WVCD
- Bamberg-Denmark, South Carolina; United States;
- Frequency: 790 kHz

Programming
- Format: Urban Contemporary Urban Gospel Christian talk and teaching

Ownership
- Owner: Voorhees College

History
- First air date: March 15, 1993 (as WRIT)
- Former call signs: WRIT (1993–2004)
- Call sign meaning: W Voorhees College, Denmark

Technical information
- Facility ID: 23323
- Class: D
- Power: 1,000 watts day 100 watts night
- Transmitter coordinates: 33°18′50″N 81°4′43″W﻿ / ﻿33.31389°N 81.07861°W

Links
- Website: Voorhees.edu/WVCD

= WVCD =

WVCD (790 kHz) is a non-commercial AM radio station licensed to both Bamberg, South Carolina, and Denmark, South Carolina. The station is owned by historically black Voorhees College. The college is affiliated with the Episcopal Church and has its campus in Denmark, SC. WVCD is partially run by students and has a radio format which includes urban contemporary, urban gospel, and Christian talk and teaching programs.

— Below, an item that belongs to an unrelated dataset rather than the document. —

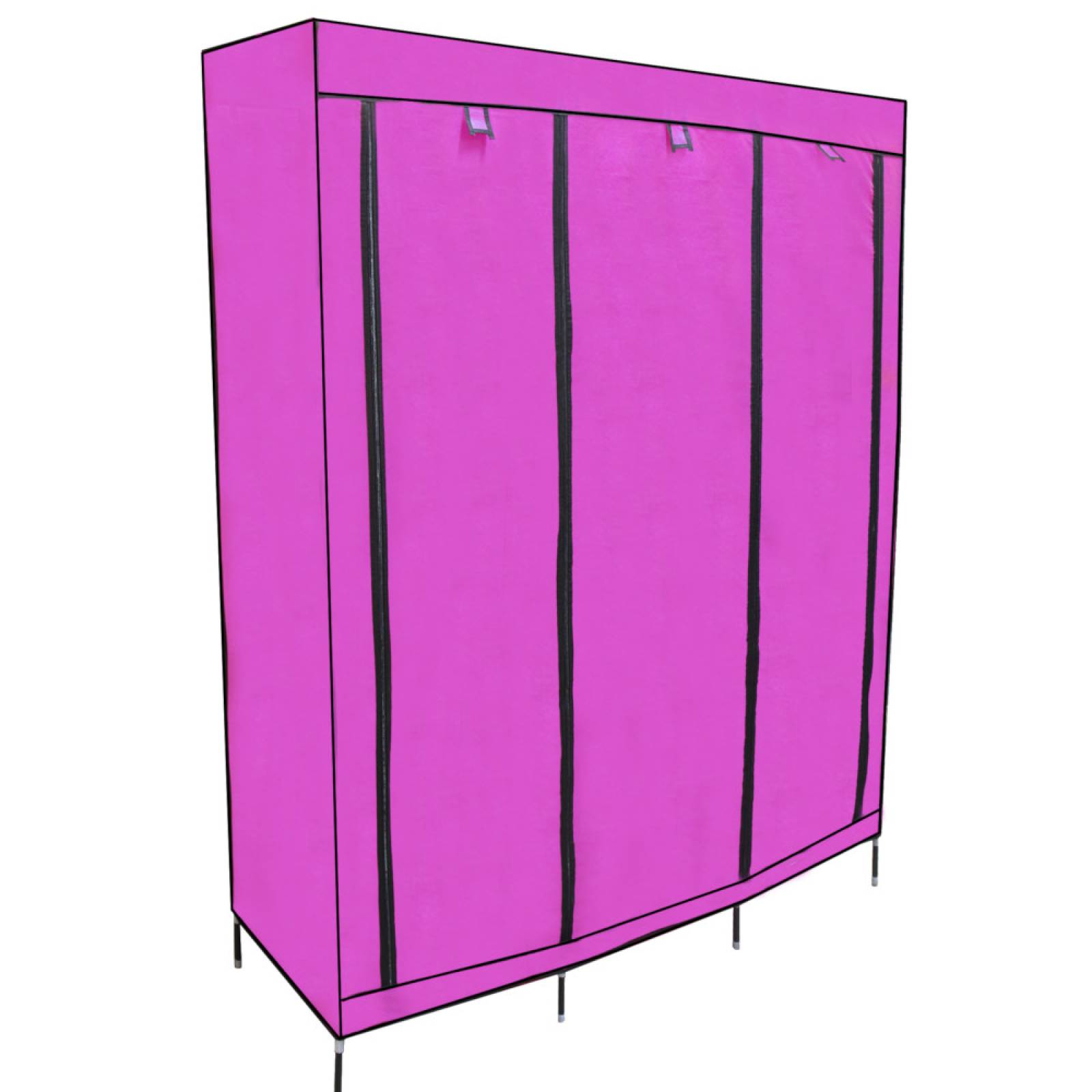 Closet Organizador Rack & Pack 3 Puertas Armario 6 Secciones Zapatera Rosa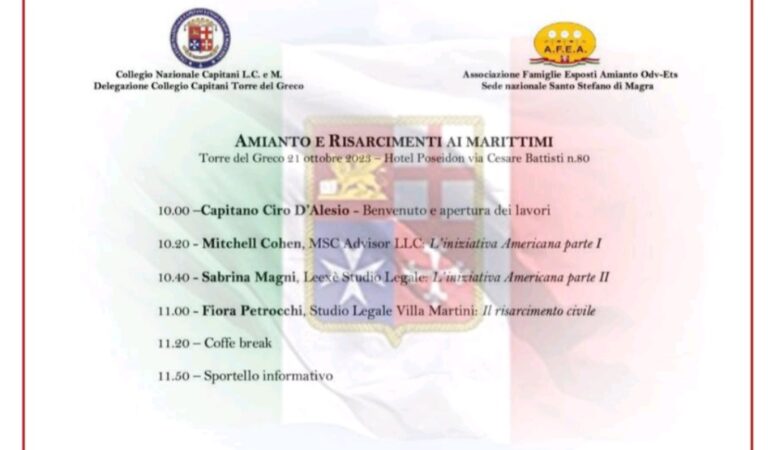 Amianto e Risarcimento ai Marittimi, il 21 ottobre convegno a Torre del Greco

By day, WVCD is powered at 1,000 watts. But to reduce interference to other stations on 790 AM, at night, it reduces power to 100 watts. It uses a non-directional antenna at all times.

==History==
The station went on the air as WRIT on 1993-03-15. On 2004-01-30, the station changed its call sign to the current WVCD.